Cumhurbaşkanı Erdoğan telefonda ağlıyordu

Cumhurbaşkanı Erdoğan telefonda ağlıyordu

Binali Yıldırım, gündeme ilişkin soruları yanıtladı. Yıldırım, "İttifakla seçim olmasını arzu etmezdik ama karşı taraf komple birleşmişti. Recep Tayyip Erdoğan'a karşı birleşmişlerdi" dedi.
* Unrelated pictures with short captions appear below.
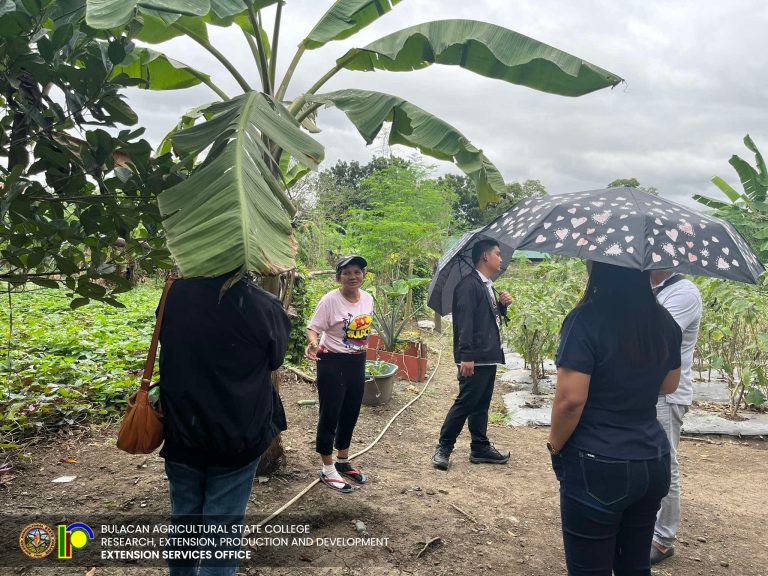 489885797_1117896580349876_7240206084592105273_n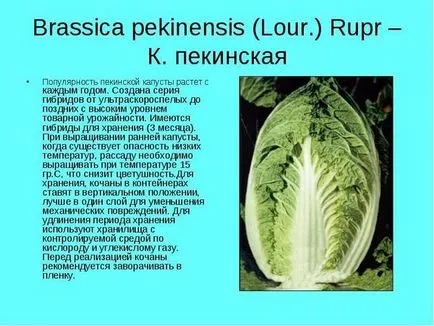 Китайско зеле засаждане, отглеждане, грижи сортове (засаждане) Китайско зеле засаждане, отглеждане, грижи, сортове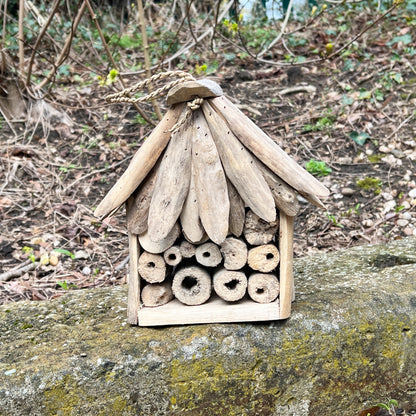Driftwood Insect Hotel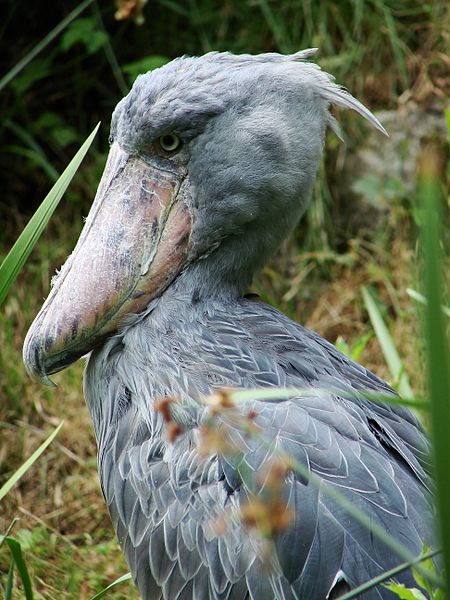 450px-Balaeniceps_rex_2_(zoo_Zurich)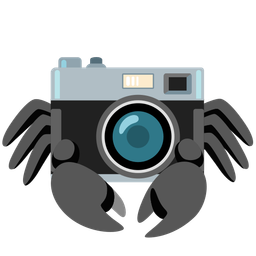 Crab and Camera
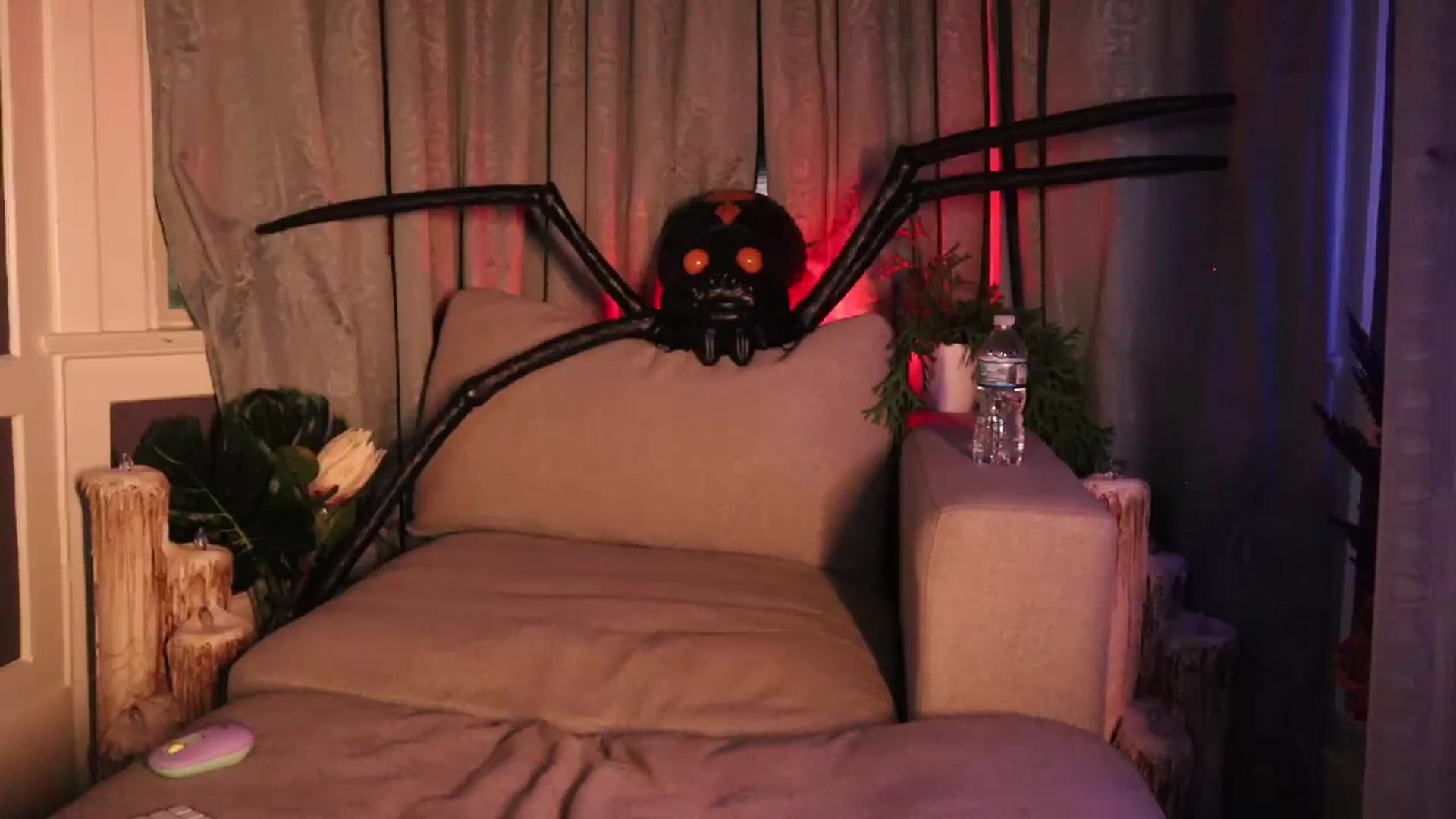 Gallery image thumbnail from Cubbixoxo's myfreecams stream on, 11/11/2023, 06:42 image 6 of 20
Başbakan Yıldırım'ın açıklamalarından satır başları şöyle: 

Sayın Bahçeli’nin zaman zaman böyle çıkışları oluyor; sürpriz çıkışlar. Tabi biz ittifak yaptık, birlikte hareket ediyoruz. Ama seçim tarihinde ittifak yapmadık. Bahçeli 26 Ağustos’u telaffuz etti. Bizim için de en uygun tarihin, madem erken yapılacak 24 Haziran olması benimsendi ve o şekilde süreç başladı. Çünkü seçim bir kere sokağa ağızdan düştü mü ondan sonra yönetmesi zor. Herkes frene basar ‘hele şu seçim geçsin de ondan sonra bakalım’ gibi bir davranışa yöneliyor. O yüzden de bu seçimlerin yapılması gerekiyordu. Seçimler geride kaldı, artık seçim bitti geçim zamanıdır. Hayat devam ediyor, yatırımcı yatırımını planlayacak, tatile giden tatilini planlayacak ve hayat bütün yönleriyle devam edecek. 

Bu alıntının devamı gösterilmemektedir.